Lo Chiamavano Trinità, Continuavano a Chiamarlo Trinità, Banana Joe, Altrimenti ci arrabbiamo, Bomber, Pari e Dispari, Due superpiedi quasi piatti, Non c’è due senza quattro ecc, io li avrò visti almeno una ventina di volte. Come tutti, forse.

E tutte le volte che li ho visti, tutte le volte che ho messo gli occhi sulla serie di cazzotti a martello, sulle avventure indimenticabili con il suo compagno ideale, quel Terence Hill che stasera vedrà la sua vita passare davanti agli occhi come un miraggio, non ho potuto fare altro che restare lì, sospeso e divertito, sorridente e felice, trascorrendo quelle due ore dimenticando tutto il resto.

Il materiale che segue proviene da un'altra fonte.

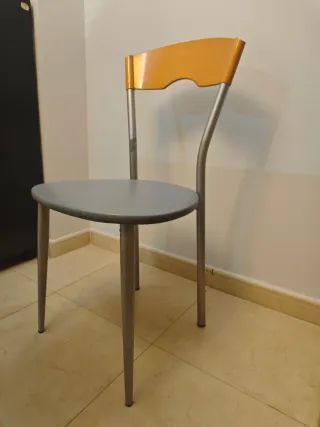 Mesa extensible madera y metal y 4 sillas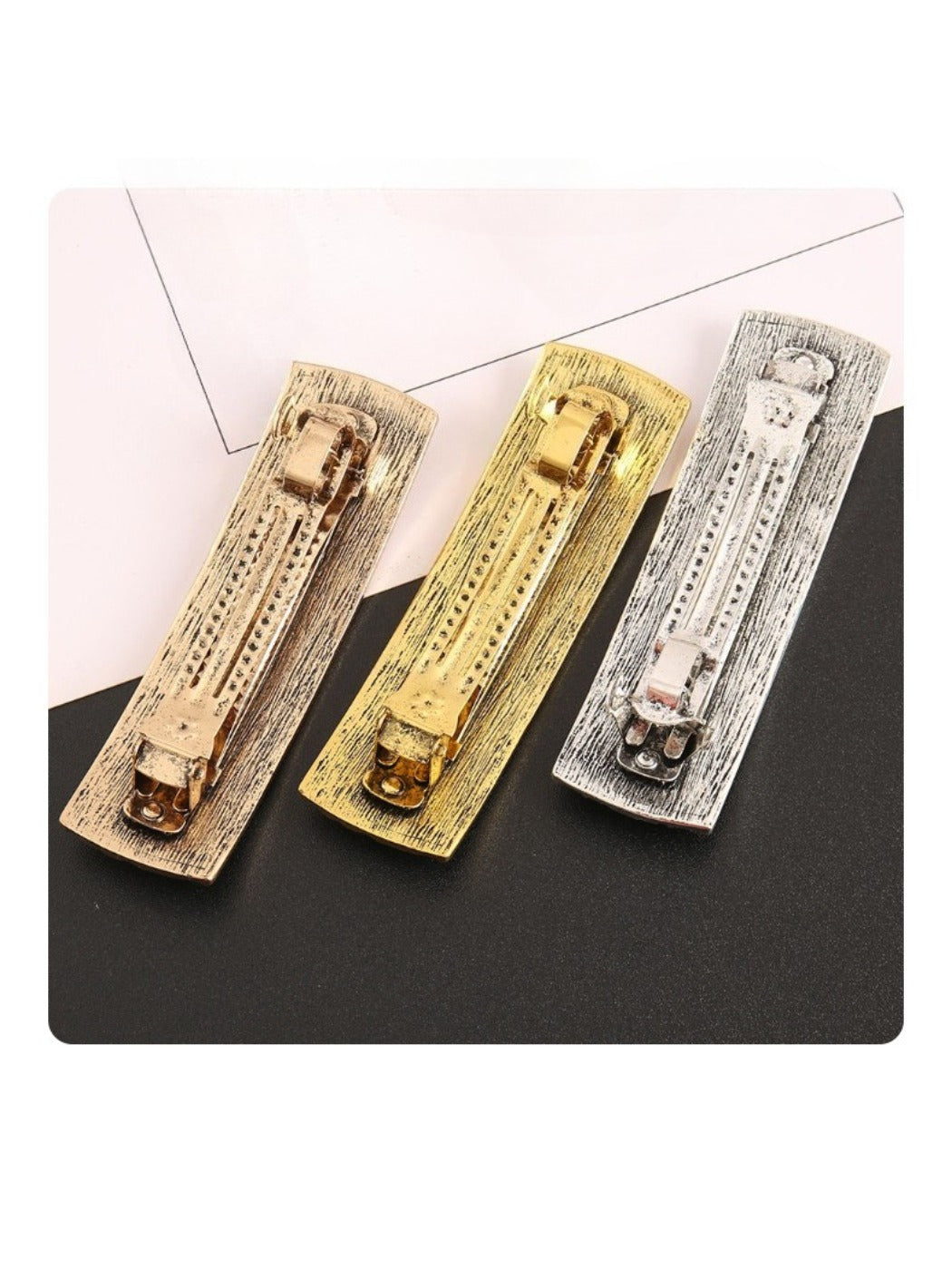 Beau - Sophisticated Rectangular Retro Hair Clip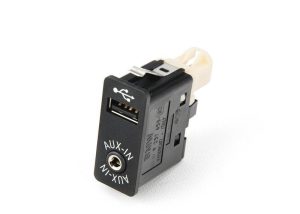 BMW NEW GENUINE E81 E87 E90 E91 F01 F10 F12 F13 E70 AUX AUXILIARY INPUT SOCKET 84109237653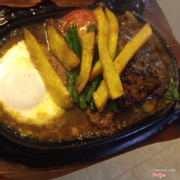 Bit Tet: Beef Steak with Egg and French Fries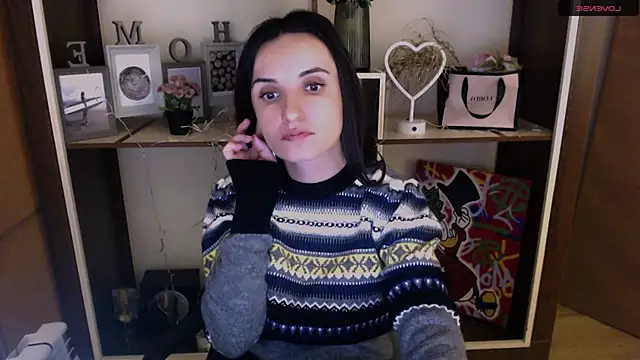 LaimaV  online show from December 2024 04:15:01 PM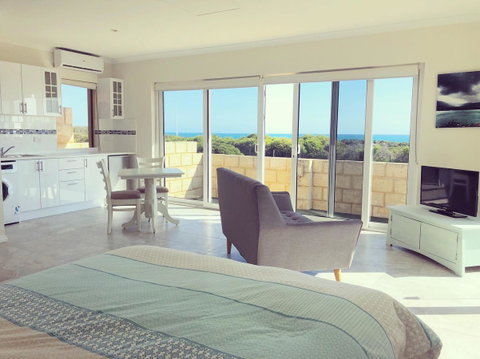 Ocean Reef Vista - Nambucca Heads Accommodation 11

Vedere un film un paio di volte, di solito, è già tanto, ma Bud Spencer che divora una coscia di pollo con ardore, la sua faccia annoiata da gigante buono, quelle battute indimenticabili che fermano il tempo, le risse infinite che si chiudono sempre con qualche dente a terra e con i buoni che vincono, non hanno fatto altro che alimentare la passione per quel tipo di cinema, quel cinema non hai mai più rivisto che non rivedrai mai più.

Sarebbe bello elencare tutte le scene che hanno segnato l’ammirazione infinita per i suoi film ma, in fondo, ognuno ha la sua scena preferita, ognuno ha la sua smorfia preferita, ognuno ha il suo cazzotto preferito, quello che fa rumore, quello che lascia un segno non solo su una mascella cinematografica.

Carlo Pedersoli è approdato nel cinema quasi per caso, Bud Spencer lascia un’esperienza epica, mitica, intramontabile, una grandezza che ha fatto sentire la settima arte italiana più vicina all’America con un linguaggio popolare.

Bud Spencer se ne è andato serenamente, dicendo “grazie” ai suoi cari. Il nostro “grazie” ideale va a lui per tutte le risate che ci ha regalato.

Ciao Bud, insegna agli angeli a menare cazzotti in testa. Sicuramente, da qui, ne sentiremo l’eco.